WHAT THE EXERCISE ASKS = Everything in the listing should be set down exactly, apart from the pictures.

[SUPPLIED MATERIAL Boundary: Start]

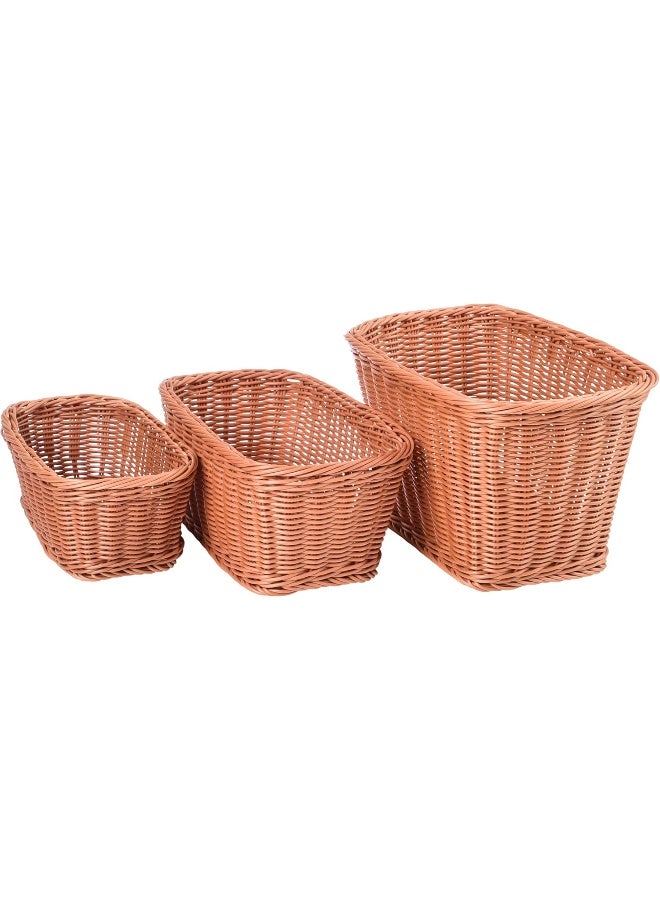 Constructive Playthings Rectangular Plastic Woven Baskets- Mixed Sizes Set of 3 - Image 3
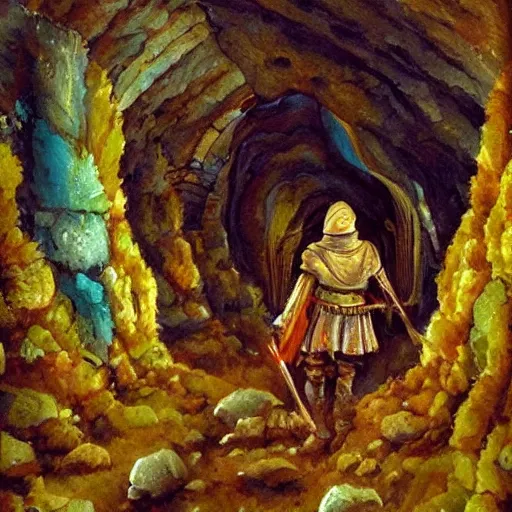 Prompt: a medieval pilgrimage walking among giant colorful crystals in a gigantic cavern deep underground, dark, fantasy, realistic painting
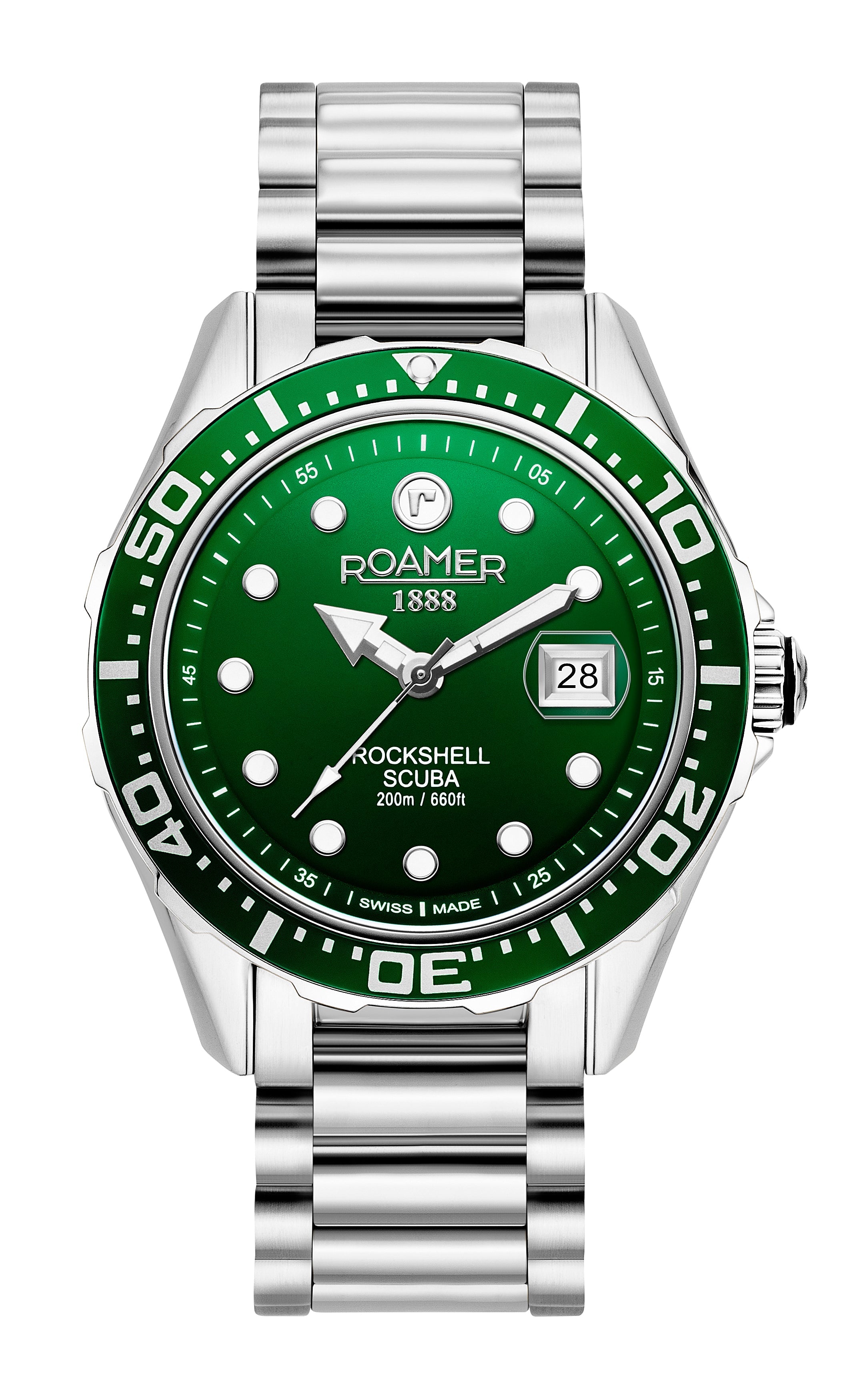 Rockshell Mark III Scuba 44 mm Quartz Three-Hand Date Green Dial Turning Bezel Silver Bracelet Sapphire glass Stainless Steel swiss watch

[SUPPLIED MATERIAL Boundary: End]

YOUR RESPONSE =
 Constructive Playthings Rectangular Plastic Woven Baskets- Mixed Sizes Set of 3 - Image 3
 Prompt: a medieval pilgrimage walking among giant colorful crystals in a gigantic cavern deep underground, dark, fantasy, realistic painting
 Rockshell Mark III Scuba 44 mm Quartz Three-Hand Date Green Dial Turning Bezel Silver Bracelet Sapphire glass Stainless Steel swiss watch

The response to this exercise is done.